Today was Liberation Day in Vietnam, a celebration of the victory of Communist forces over the south Vietnamese and the end of Vietnam War. It’s a public holiday, and the city is covered in lights and red flags — not to mention the gaggles of teenage couples hanging out under bridges and speeding around the city on their motorbikes. I had almost forgotten that Vietnam is still a socialist republic.

It’s easy to forget because the city is rapidly undergoing an economic transformation. The harbour in front of our window is being redeveloped with a Dubai-esque man-made island, with plans for glitzy high-rises to cover the beachfront. The centre of the city has several construction zones with billboards in front advertising the imminent appearance of modern skyscrapers that call to mind the daring architecutre of new Beijing. While these changes and ambitions are nothing short of impressive, they are just outer symbols of other, more enduring social changes. These are being planned by the group of  Malaysians, Indonesians and Vietnamese in their 20s living in our building.

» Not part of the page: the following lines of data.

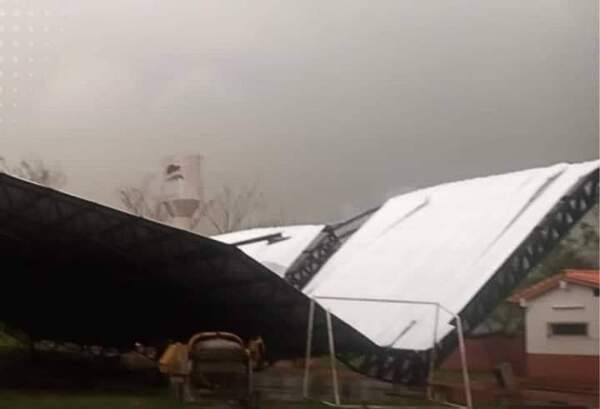 Estudiantes se salvaron por un pelito: Tinglado cayó debido a temporal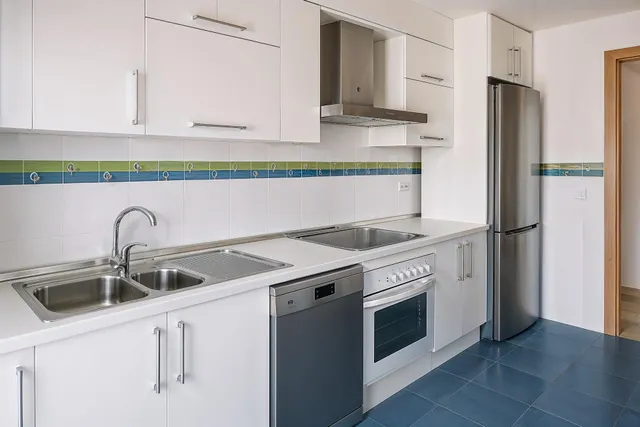 APARTAMENTO ESQUINERO CON TERRAZA Y GARAJE EN COMPLEJO RESIDENCIAL CON PISCINA Y ZONAS COMUNITARIAS — 9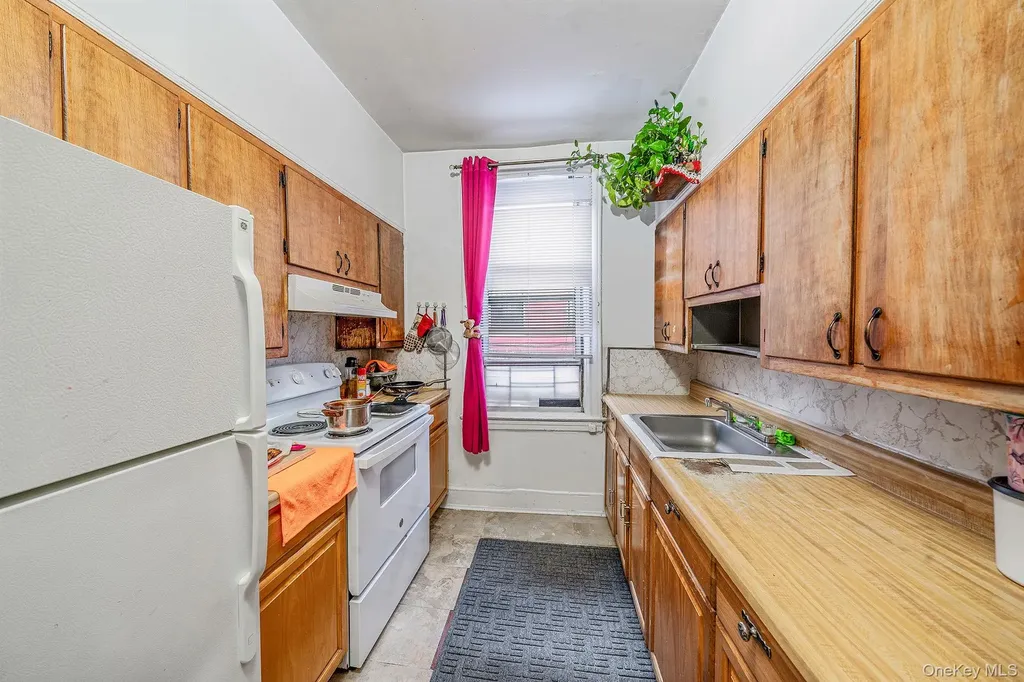 10876 38th Avenue Corona NY 11368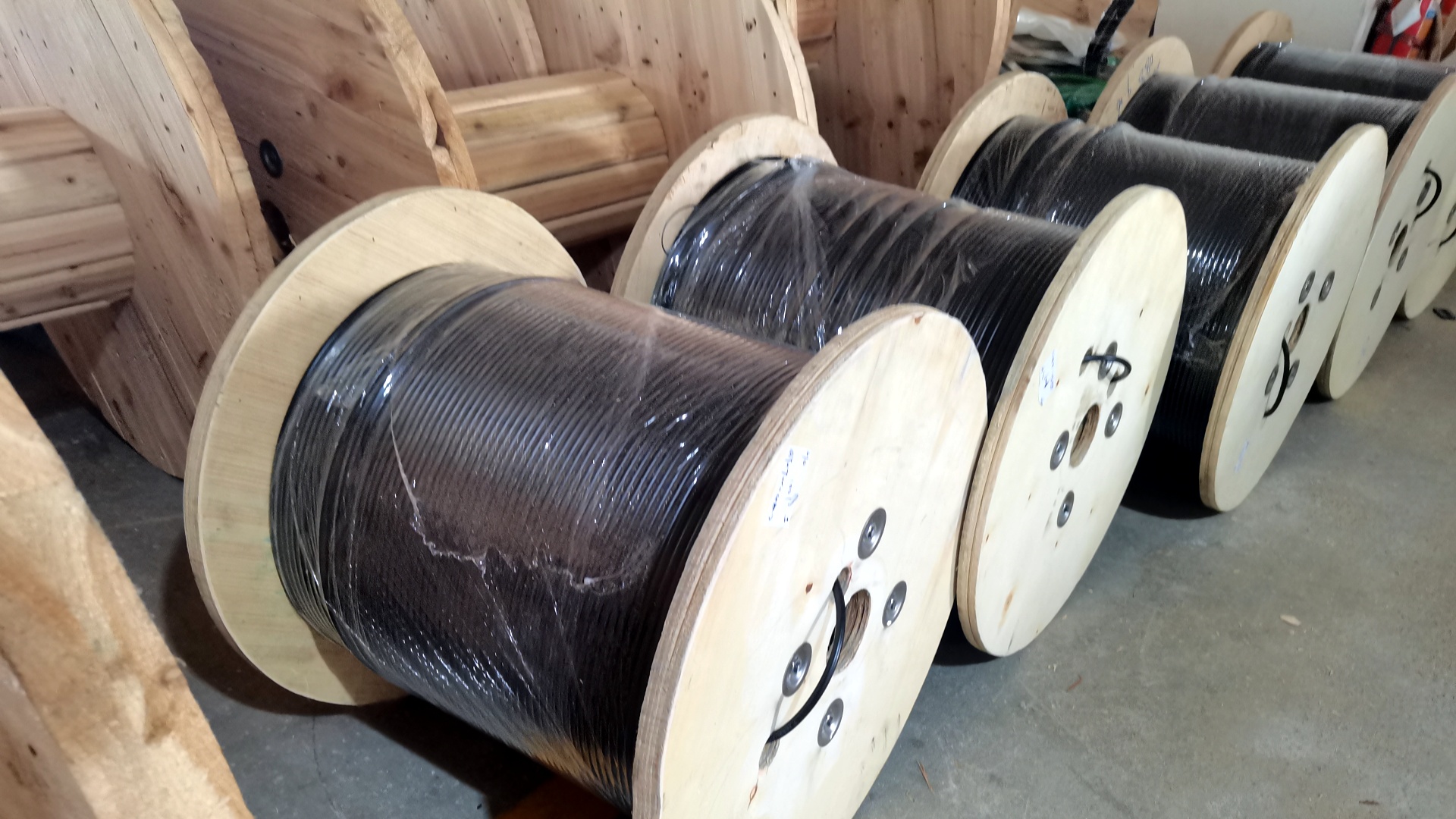 qué es el cable de fibra óptica blindado con cinta de acero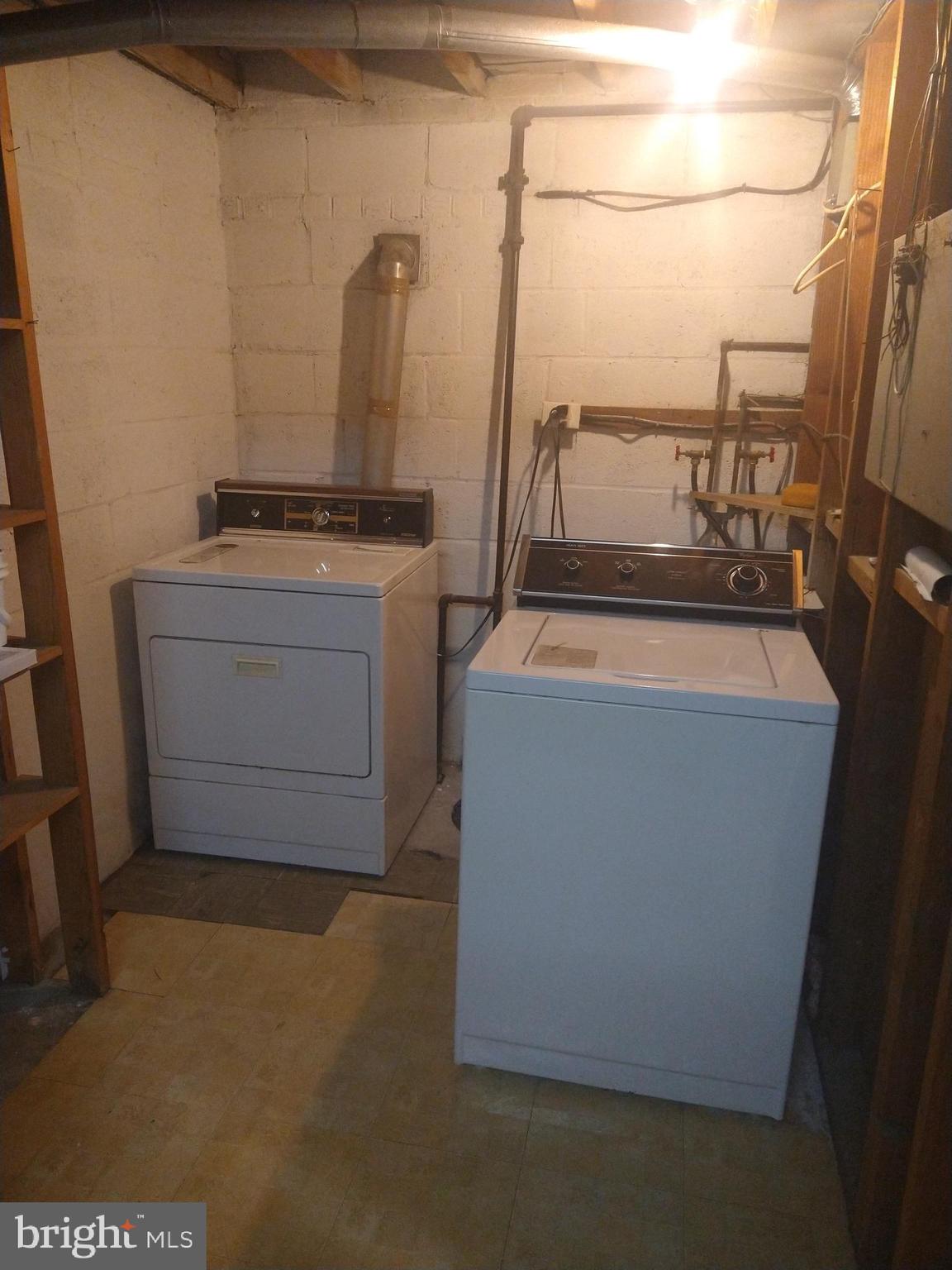 NEW CARROLLTON - Residential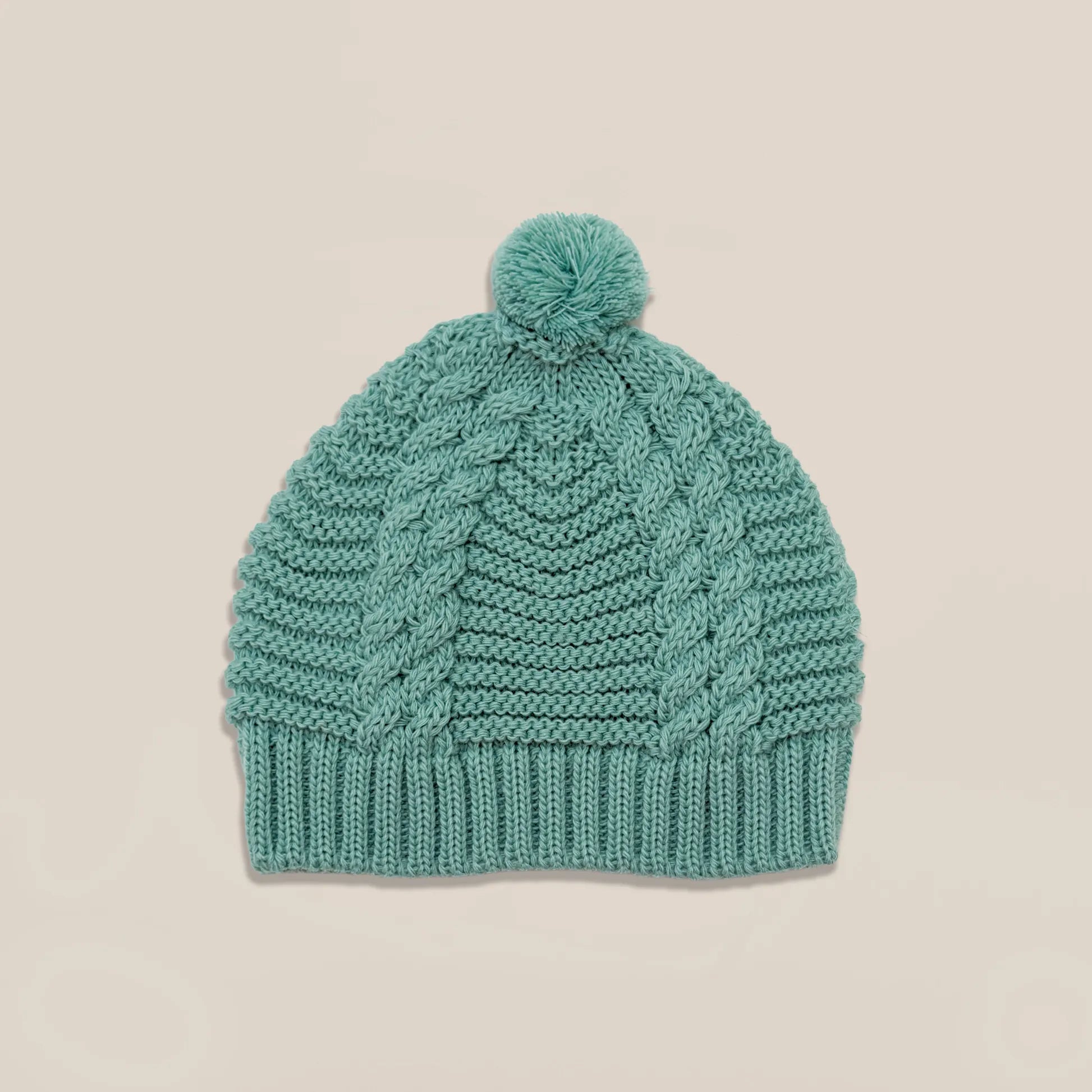Gorro de punto trenzado con pompón verde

Our friends are here on 3-month contracts working on the software design for another mobile phone network in Vietnam. There are already more than half a dozen networks, and apparently there is still a market for more. Getting connected with a phone here is quick and cheap. We bought a sim card the night we arrived here, almost as an afterthought as we passed a tiny store where a family was watching TV together — their home opening up onto the street. The sim card cost 3 dollars and came with 60 minutes of free credit. When I was in Canada last month I tried to by a sim for my UK phone and the cheapest available was $35, and I had to go to three stores in Ottawa’s main shopping mall before I could even have the opportunity to buy one. And it didn’t even come with any credit. Needless to say, I didn’t fork out for mobile access and just stuck to my old-school hotel room phone.

Our friends downstairs are working using a fast wireless internet connection, which is freely available to the tenants of this building. In Oxford, accessing the area wireless network in our neighbourhood cost £20 a month (each) — and that was relatively cheap. Here, there is wireless everywhere. There was a free network instantly available at the tiny Da Nang airport, and everywhere you go there is an open network.

Oh, did I mention that our friends are from three different Southeast Asian countries? They are a team of 6 or 7, and they never work with the same people twice. Most of them are working on a 3 month contract away from home, and they got their jobs through an web database of technicians. Some will stay on after 3 months and others will move onto the next job, closer to their families.

Although Liberation Day is a commemoration of a communist past and present, it seems to me that Vietnam’s future lies in these remarkable trends of mobility and connectivity.